KARGI Unveiled at LENTATEK Booth During EFES-2022 Exercise

KARGI is in fact a very comprehensive development project. The first flight in the project was conducted in 2018 with a piston engine supplied from a foreign company, and KARGI proved its performance even in the first flight. Under the KARGI Project, all critical subsystems on the drone, especially the engine and propeller, have been indigenized. In that regard, the piston engine was supplied by TEI (PG50), while the propeller was specially designed by LENTATEK and manufactured by a domestic company. Other critical subsystems such as the RF Seeker was supplied from ASELSAN, and the warhead and solid-propellant rocket engine from TÜBİTAK SAGE. GPS communication antennas and data links, and the fuel tank are among the indigenized products on KARGI. According to the information we have received, the KARGI Project, in which the design and production of the Drone, Ground Systems, Navigation and Automatic Flight Control System, and the development of the System Software was carried out by Prime Contractor LENTATEK, has reached the acceptance stage after successful test flights. With this acceptance, which will pave the way for entry into the inventory, the activities under the Development and Prototype Production Phase will be completed, and the KARGI System will have been qualified. Following the completion of the prototype system deliveries, a separate contract is expected to be signed. The KARGI Systems to enter the inventory will initially replace the Harpy UAV Systems, which were ordered in 1998 (2 batteries of 108 aircraft) and put into service in 2002, a significant portion of which are in use and are now reaching the end of their service life.

KARGI Project Overview

Within the scope of the Public Institutions Research and Development Projects Support Program (1007), a project called “KARGI” was initiated by TUBITAK Defense and Security Technologies Research Support Group (SAVTAG) within the scope of the Public Institutions Research and Development Projects Support Program (1007) in order to develop a Combat UAV System with national critical components to replace the veteran Harpy UAV Systems in the inventory, and the contract was signed in 2015.

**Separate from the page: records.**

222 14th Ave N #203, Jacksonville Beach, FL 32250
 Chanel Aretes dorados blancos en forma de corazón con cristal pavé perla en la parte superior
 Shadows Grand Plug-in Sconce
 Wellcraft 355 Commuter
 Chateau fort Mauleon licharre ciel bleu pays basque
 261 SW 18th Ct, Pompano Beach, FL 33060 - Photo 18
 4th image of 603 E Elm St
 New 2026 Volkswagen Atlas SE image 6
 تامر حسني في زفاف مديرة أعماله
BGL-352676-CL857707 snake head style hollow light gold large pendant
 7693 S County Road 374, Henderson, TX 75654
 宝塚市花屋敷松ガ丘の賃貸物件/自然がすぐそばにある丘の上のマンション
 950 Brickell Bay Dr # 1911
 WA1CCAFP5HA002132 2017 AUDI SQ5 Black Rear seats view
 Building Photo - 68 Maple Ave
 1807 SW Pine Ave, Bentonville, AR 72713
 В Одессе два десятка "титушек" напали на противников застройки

The system was intended to have similar technical features to the Harpy UAV, it was also anticipated to include several additional features (such as longer endurance, SATCOM communication capability and a more effective warhead) to increase flexibility of use and operational effectiveness. KARGI was planned to be carried on a tactical wheeled vehicle (12 on each vehicle) and launched from a launcher in a similar way as in the Harpy System.

The project model was designed as the development of a prototype system, its acceptance with its documentation, and the signing of a serial production contract. Like the Harpy and Harop UCAVs, KARGI was planned to be launched with the rocket-assisted takeoff (RATO) technique from a pressurized launcher. 

Under the Development and Prototype Production Phase signed in 2015, the KARGI System prototypes, which were designed and produced with domestic capabilities, were initially equipped with a foreign-sourced piston engine, and then the TEI-PG50 Piston Engine developed by TEI under the Two-Stroke Engine Development Project was planned to be used.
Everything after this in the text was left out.